Saturday, April 22, 2006

Of Courtillet, Carroll, Collins and the Great 10-10 Tie

Back in the olden days, one would occasionally ask “what ever happened to _____?” Usually, the random thought would evaporate unanswered. Today, the Internet and especially Google provides unlimited opportunity to snoop.

Marcel Courtillet
While doing some quick online look-ups, when I should have been doing more important things, I googled the names of some of my high school classmates from Washington, DC Archbishop Carroll class of 19 long-ago. One of my hits was on Marcel Courtillet, the star halfback of John Carroll's 1966 football team. I found his name on the web site Greatest College Football Finishes. Here is their description of his role in the 1969 Duke – North Carolina game:

“At the end of the 3rd quarter, with the score tied, Duke's Coach Harp called for the quarterback Leo Hart to run to the Duke sideline, placing the ball on the right hash mark for the next play. This was on second and 10 at the Duke 46. Now 3rd and 9 on the 47, without a huddle, Hart feigned tying his shoelace while split end Marcel Courtillet went up to the ball, and the entire rest of the team lined up to the left of the ball, apparently waiting for Hart. Courtillet suddenly hiked the ball and flipped it to wideout Wes Chesson, who ran left behind a wave of Duke players. The UNC players, still in defensive huddle, were taken by surprise and Chesson went untouched into the endzone. Duke then later stopped Carolina on 4th and goal from the 4 to seal the game. Duke 17, UNC 13.”

That’s one of those stories that makes you go “hey, I went to school with that guy!”

Google found another Marcel Courtillet who attended Eleanor Roosevelt High School in Greenbelt, Maryland in 2001 and later James Madison University. Young Courtillet apparently was a good athlete. It would be too much of a coincidence for this person not to be related to the Marcel I once knew.

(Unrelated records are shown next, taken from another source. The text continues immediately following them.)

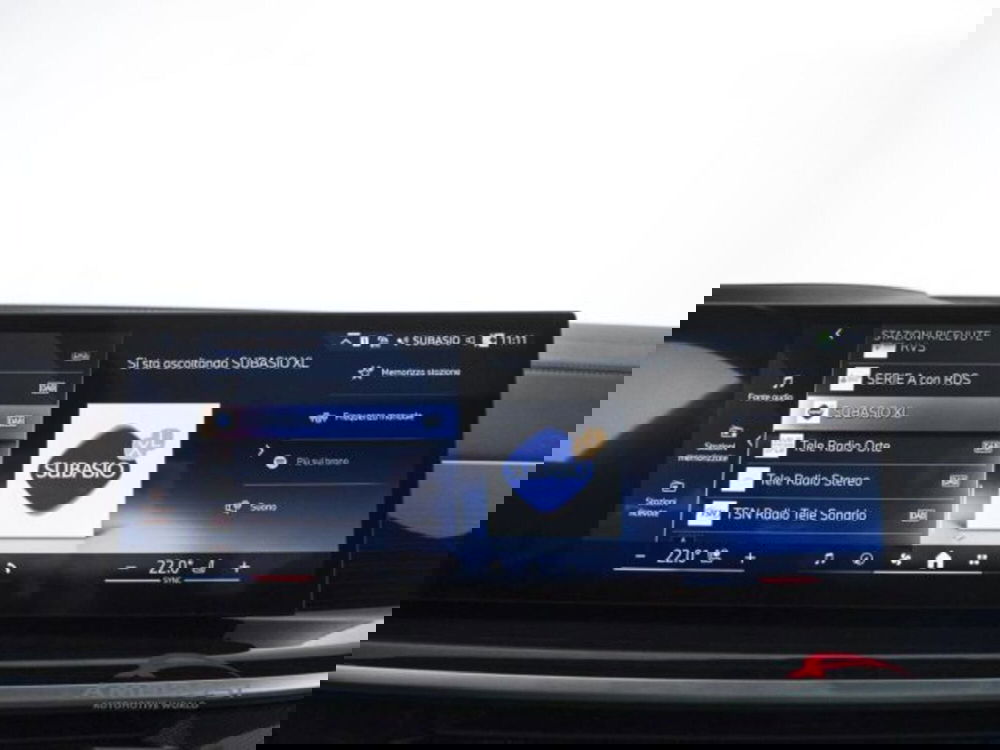 BMW X7 usata a Perugia (14)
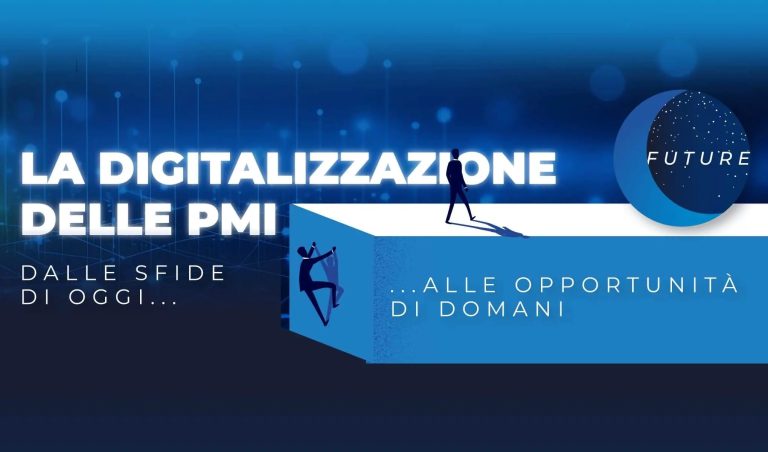 Pmi ancora prudenti sul digitale, senza una precisa strategia di sviluppo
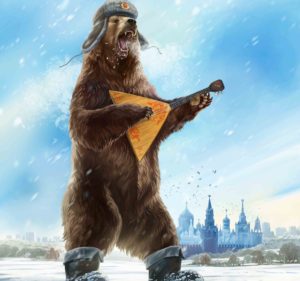 6 Russian and Soviet Stories 1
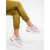 Pantofi sport dama roz din material textil Doina - Kalapod.net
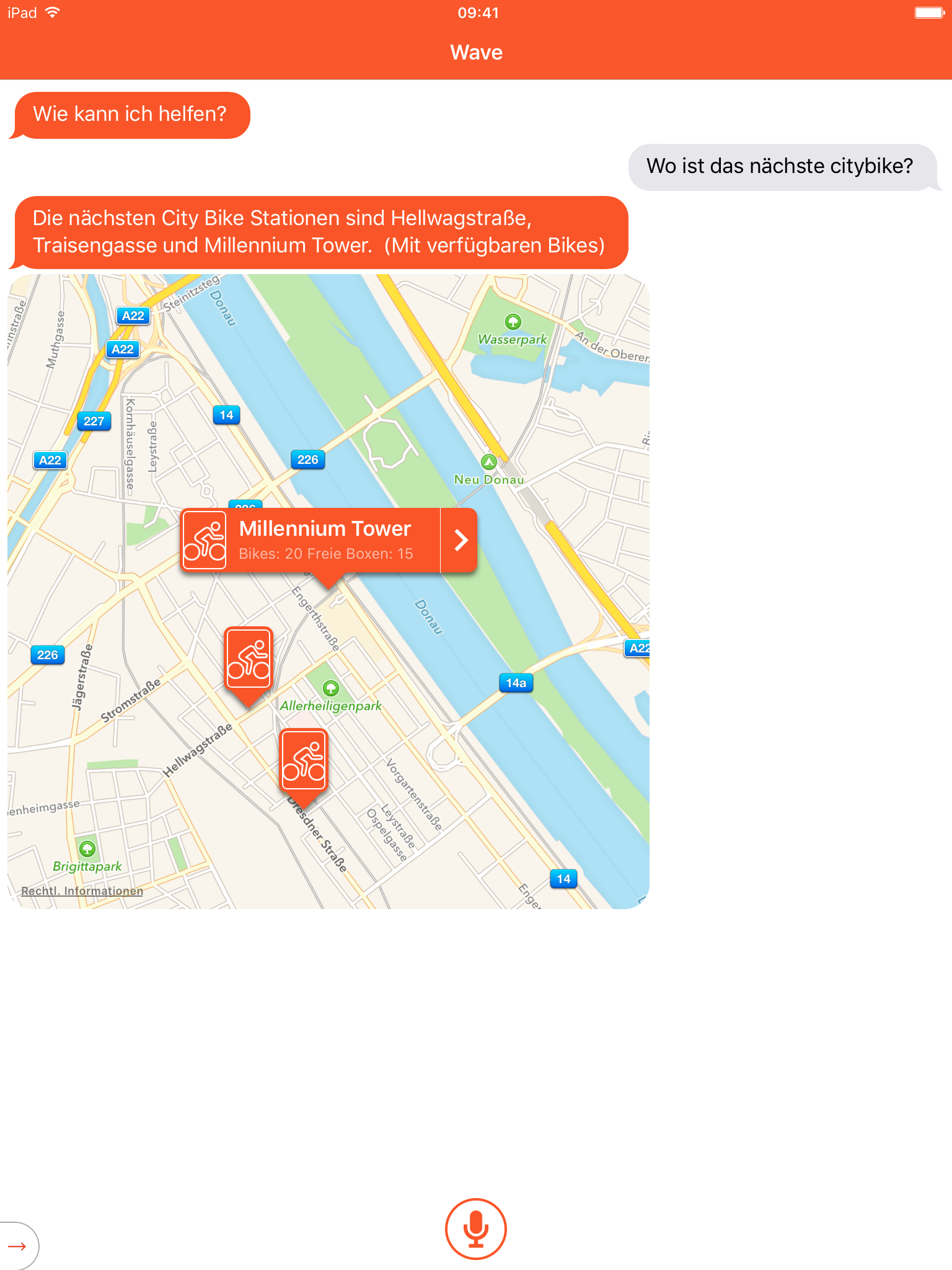 Wave Wien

Carroll, Collins and the Catholic League
One line of thought leads to another. Thinking of Courtillet and Carroll High reminds that Carroll in the early sixties was not a prominent sports power, but the school was on the verge of great success. Maus Collins signed on as Carroll's football coach in 1960. By 1965, the team started to make some noise. They (we) beat arch-nemesis top-ranked St. John’s College High School 7–0. The deed was all the more memorable because Marcel, our star halfback, was out for the season for a medical reason I no longer recall. We won that day without our marquee player. The Carroll Lions went on to win the first of many Catholic League championships and were ranked number one that year in some local polls. (Montgomery Blair, led by quarterback Claude Prather, was the other number one team. That was notable because Prather was Black and leading a white team. Rare for the days before the Titans were remembered.)

Maurice "Maus" Collins went on to legendary status at Carroll and in the 1990s at Gonzaga High. He was inducted in the Montgomery College Hall of Fame in 1989 and ended his coaching career in 2000 with an overall record of 322-74-9.

Luis Grillo was a star basketball player at Carroll. He went on to a career as a NBA game official. Carroll with Grillo was getting better, but not the championship caliber that was Mackin High with Austin Carr or DeMatha High with Sid Catlett and coached by Morgan Wooten, the other Catholic League coach then coming into prominence.

DeMatha won the league basketball championship in 1966, as they would do many times under Wooten. Carroll lost both regular season games to them, but Grillo and Lacy Brown, with whom I am still acquainted, managed to upset Carr’s Mackin team, surprising everyone, including the Carroll student body, most of whom skipped the game expecting a loss.

Austin Carr and Sid Catlett played for Digger Phelps at Notre Dame. I attended Michigan State, a football and hockey power at the time. It galled me to see these DC kids playing for the Irish and beating us. Both Carr and Catlett went on to pro careers.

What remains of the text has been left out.